What needs to be done => Without including any image, repeat every record exactly.

Provided material =>
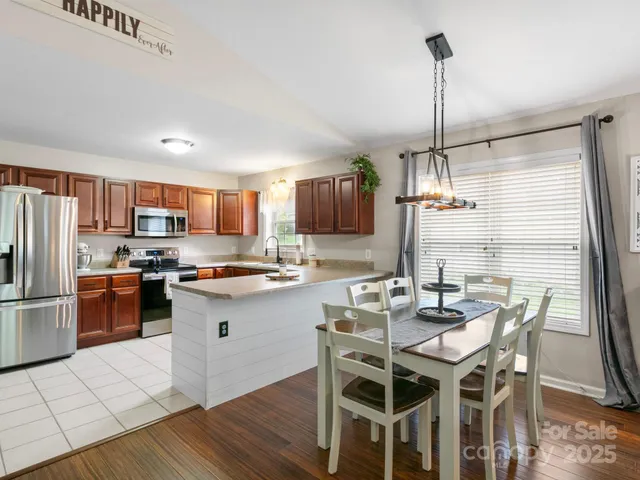a kitchen with kitchen island a refrigerator and a wooden cabinets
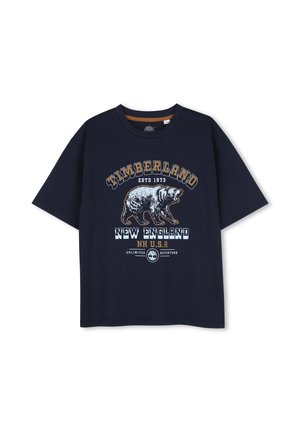 T-shirt Timberland bleu marine avec un graphisme d'ours rugissant et un texte incluant New England, NH États-Unis, et fondé en 1973.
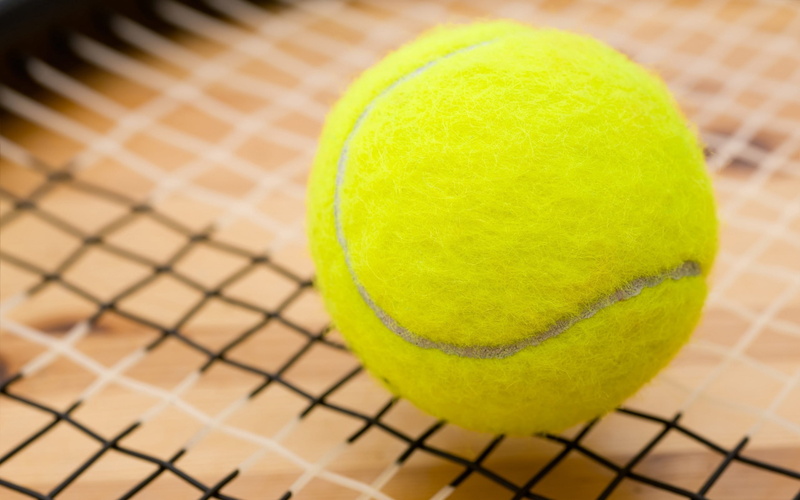 tennis racket, court, competitive Sport, hobbies, sports Equipment, outdoors, two objects, recreational Pursuit, yellow, equipment, single Object, competition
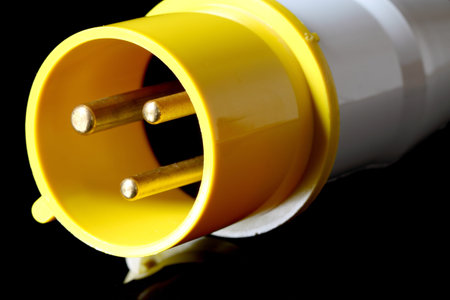 An industrial electric plug on black background.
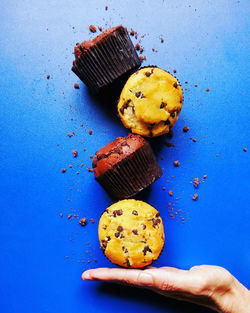 Close-up of hand holding cakes 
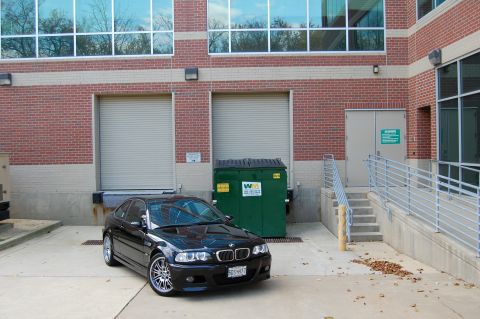 2002 BMW M3 - A black 2002 BMW M3 is parked in front of a brick building with loading docks.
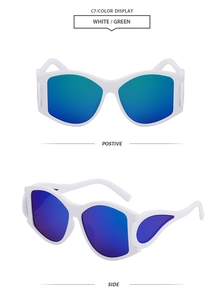 Detail view of white oval sunglasses featuring reflective green mirrored lenses and side shields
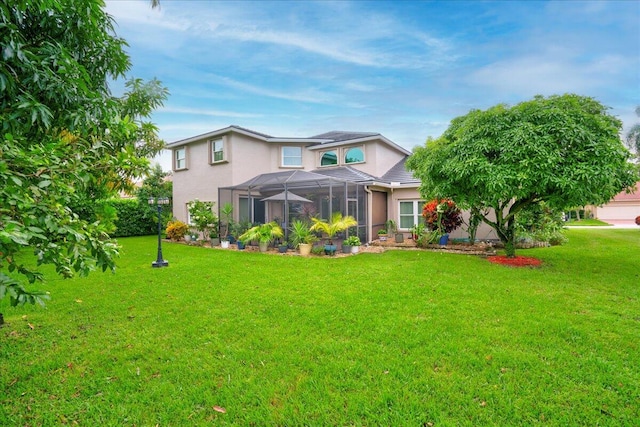 rear view of property with a lawn and a lanai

Written response =>
a kitchen with kitchen island a refrigerator and a wooden cabinets
 T-shirt Timberland bleu marine avec un graphisme d'ours rugissant et un texte incluant New England, NH États-Unis, et fondé en 1973.
 tennis racket, court, competitive Sport, hobbies, sports Equipment, outdoors, two objects, recreational Pursuit, yellow, equipment, single Object, competition
 An industrial electric plug on black background.
 Close-up of hand holding cakes 
 2002 BMW M3 - A black 2002 BMW M3 is parked in front of a brick building with loading docks.
 Detail view of white oval sunglasses featuring reflective green mirrored lenses and side shields
 rear view of property with a lawn and a lanai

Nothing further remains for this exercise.